__How to complete this task__: Every record must appear in your copy exactly as written, with no pictures.

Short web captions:
▼
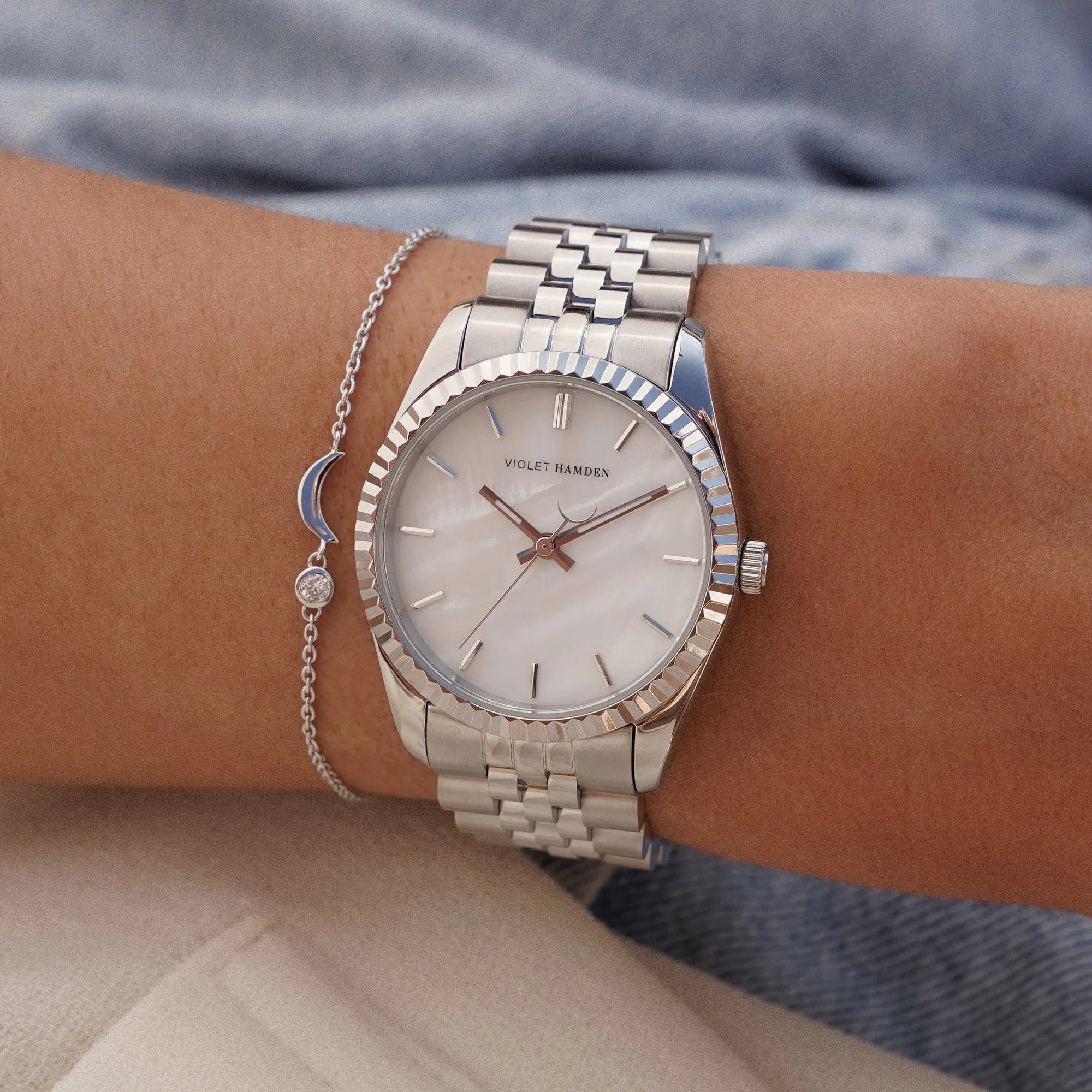 Sunrise round ladies watch silver coloured and mother of pearl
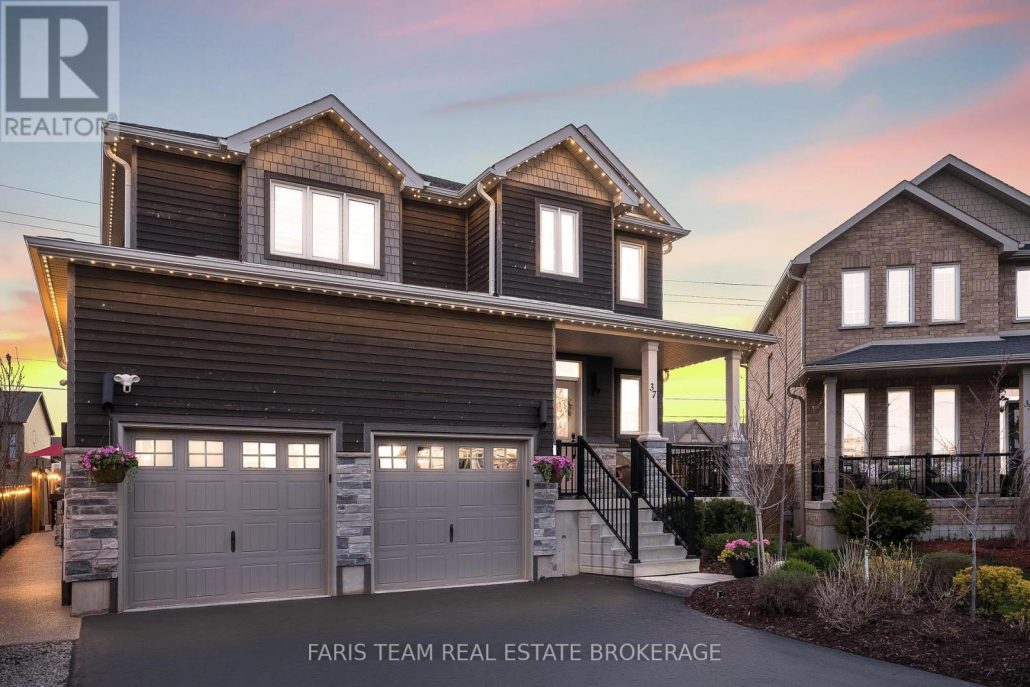 37 LOCKERBIE CRESCENT Collingwood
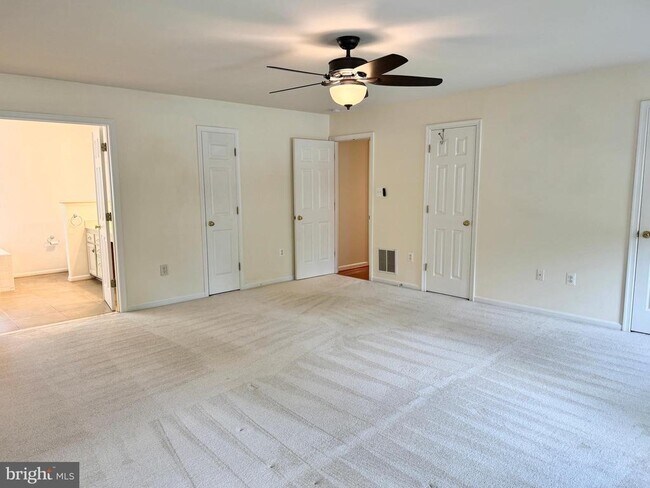 Building Photo - 53 Crestwood Ln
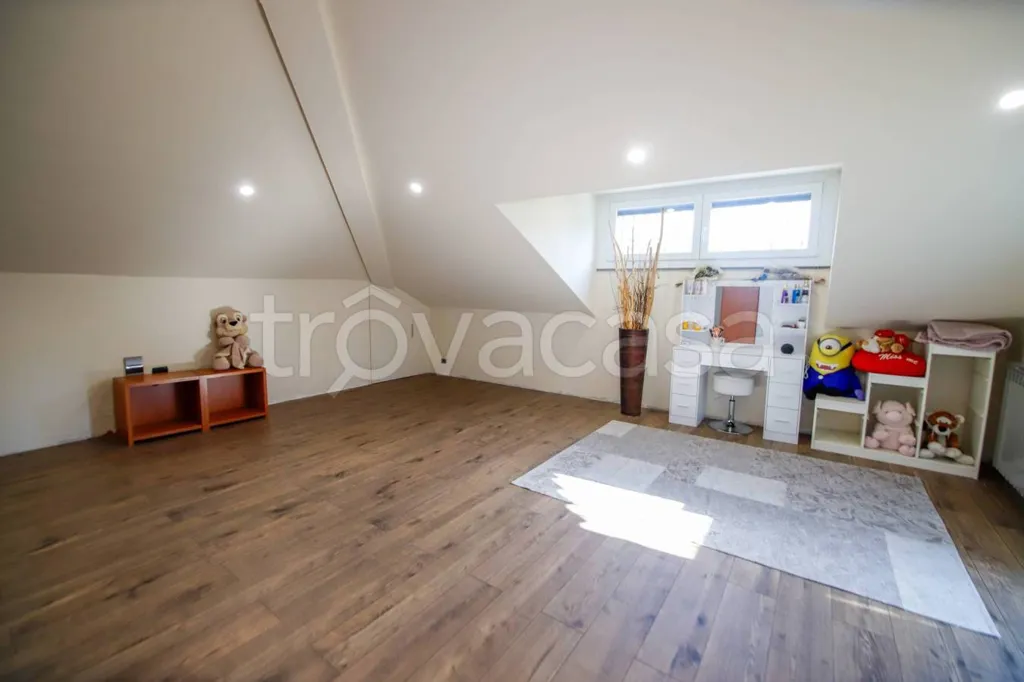 Pièces - Modern Villa with Private Garden in Lombardore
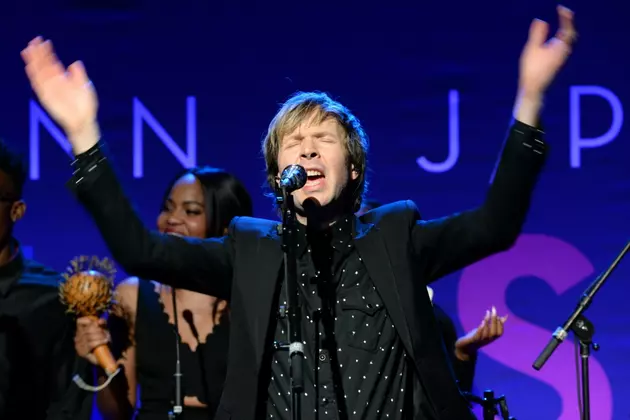 Beck Is Finally Ready to Release &#8216;Colors,&#8217; Calls the Experimental Pop Album &#8216;Quite an Undertaking&#8217;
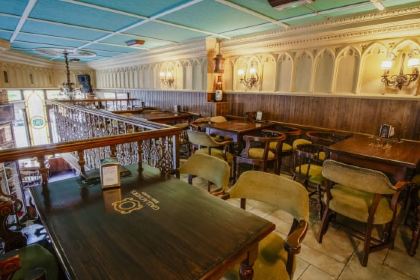 Gallagher's Irish Tavern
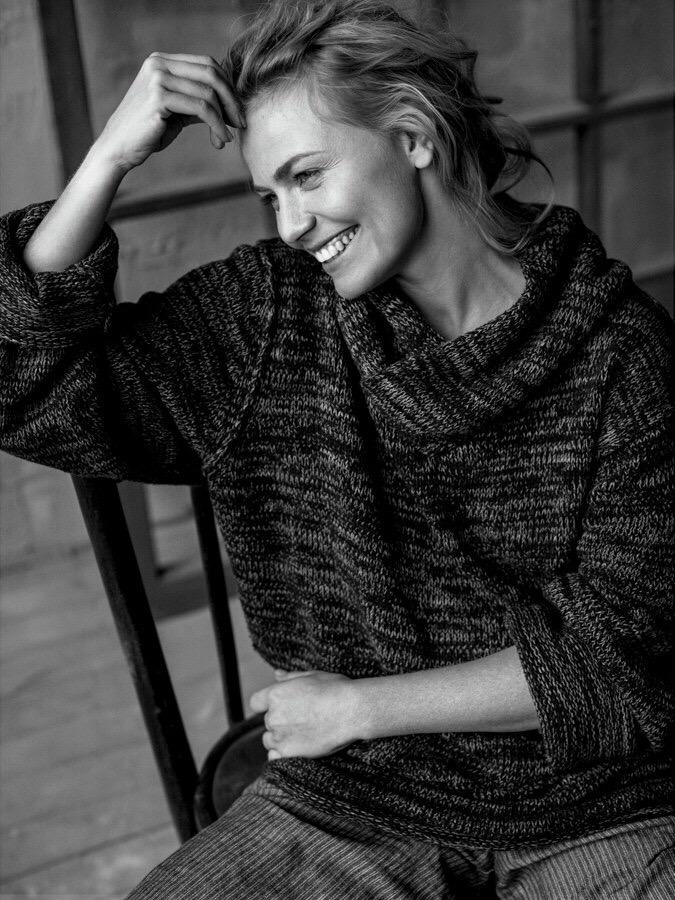 Female model photo shoot of Elena Chernyavskaya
▲
__Answer box__:
 Sunrise round ladies watch silver coloured and mother of pearl
 37 LOCKERBIE CRESCENT Collingwood
 Building Photo - 53 Crestwood Ln
 Pièces - Modern Villa with Private Garden in Lombardore
 Beck Is Finally Ready to Release &#8216;Colors,&#8217; Calls the Experimental Pop Album &#8216;Quite an Undertaking&#8217;
 Gallagher's Irish Tavern
 Female model photo shoot of Elena Chernyavskaya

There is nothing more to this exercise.